Let the mirror image of a circle $$c_1: x^2 + y^2 - 2x - 6y + \alpha = 0$$ in line $$y = x + 1$$ be $$c_2: 5x^2 + 5y^2 + 10gx + 10fy + 38 = 0$$. If r is the radius of circle $$c_2$$, then $$\alpha + 6r^2$$ is equal to ______

Let the mean and the variance of 20 observations $$x_1, x_2, \ldots, x_{20}$$ be 15 and 9, respectively.
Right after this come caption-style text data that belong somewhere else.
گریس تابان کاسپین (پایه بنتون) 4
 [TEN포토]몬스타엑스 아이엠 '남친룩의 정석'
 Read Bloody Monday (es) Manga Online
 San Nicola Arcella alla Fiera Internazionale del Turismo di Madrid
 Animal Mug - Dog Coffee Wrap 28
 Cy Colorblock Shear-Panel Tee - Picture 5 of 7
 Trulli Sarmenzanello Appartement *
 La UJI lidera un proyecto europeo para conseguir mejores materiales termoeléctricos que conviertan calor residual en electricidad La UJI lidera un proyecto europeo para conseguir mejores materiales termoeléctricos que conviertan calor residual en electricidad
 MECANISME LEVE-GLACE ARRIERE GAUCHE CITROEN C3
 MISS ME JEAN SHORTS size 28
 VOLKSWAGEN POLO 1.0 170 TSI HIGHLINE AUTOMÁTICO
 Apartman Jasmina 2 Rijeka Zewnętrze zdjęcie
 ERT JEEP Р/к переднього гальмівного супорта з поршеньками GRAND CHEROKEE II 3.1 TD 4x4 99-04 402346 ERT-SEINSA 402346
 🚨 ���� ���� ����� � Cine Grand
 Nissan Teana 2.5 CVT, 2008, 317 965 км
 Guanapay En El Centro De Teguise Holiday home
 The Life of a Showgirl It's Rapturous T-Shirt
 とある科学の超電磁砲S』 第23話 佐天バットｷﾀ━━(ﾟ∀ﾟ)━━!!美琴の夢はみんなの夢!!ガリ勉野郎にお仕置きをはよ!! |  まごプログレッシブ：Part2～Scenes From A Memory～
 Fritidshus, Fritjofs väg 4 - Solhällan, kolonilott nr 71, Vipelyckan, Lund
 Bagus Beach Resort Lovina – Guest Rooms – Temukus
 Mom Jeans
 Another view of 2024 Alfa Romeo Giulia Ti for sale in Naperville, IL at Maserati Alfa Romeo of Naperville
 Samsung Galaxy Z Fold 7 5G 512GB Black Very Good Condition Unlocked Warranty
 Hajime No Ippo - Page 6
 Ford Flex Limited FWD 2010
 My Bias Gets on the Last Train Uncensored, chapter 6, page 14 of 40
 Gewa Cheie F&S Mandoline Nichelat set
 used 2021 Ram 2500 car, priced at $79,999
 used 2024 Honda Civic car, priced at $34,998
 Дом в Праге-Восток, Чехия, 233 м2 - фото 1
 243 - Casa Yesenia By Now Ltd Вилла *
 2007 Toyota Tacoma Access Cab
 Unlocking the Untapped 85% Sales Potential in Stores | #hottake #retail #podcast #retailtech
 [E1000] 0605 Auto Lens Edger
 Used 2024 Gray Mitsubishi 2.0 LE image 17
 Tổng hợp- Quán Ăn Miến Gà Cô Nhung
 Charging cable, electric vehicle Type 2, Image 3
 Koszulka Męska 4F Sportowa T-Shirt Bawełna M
For $$\alpha \in \mathbb{R}$$, if the mean of $$(x_1 + \alpha)^2, (x_2 + \alpha)^2, \ldots, (x_{20} + \alpha)^2$$ is 178, then the square of the maximum value of $$\alpha$$ is equal to _______

The number of matrices of order $$3 \times 3$$, whose entries are either 0 or 1 and the sum of all the entries is a prime number, is _______

Let p and p+2 be prime numbers and let $$\Delta = \begin{vmatrix} p! & (p+1)! & (p+2)! \\ (p+1)! & (p+2)! & (p+3)! \\ (p+2)! & (p+3)! & (p+4)! \end{vmatrix}$$
Then the sum of the maximum values of $$\alpha$$ and $$\beta$$, such that $$p^\alpha$$ and $$(p+2)^\beta$$ divide $$\Delta$$, is _______

Let a line with direction ratios $$a, -4a, -7$$ be perpendicular to the lines with direction ratios $$3, -1, 2b$$ and $$b, a, -2$$. If the point of intersection of the line $$\frac{x+1}{a^2+b^2} = \frac{y-2}{a^2-b^2} = \frac{z}{1}$$ and the plane $$x - y + z = 0$$ is $$(\alpha, \beta, \gamma)$$, then $$\alpha + \beta + \gamma$$ is equal to ________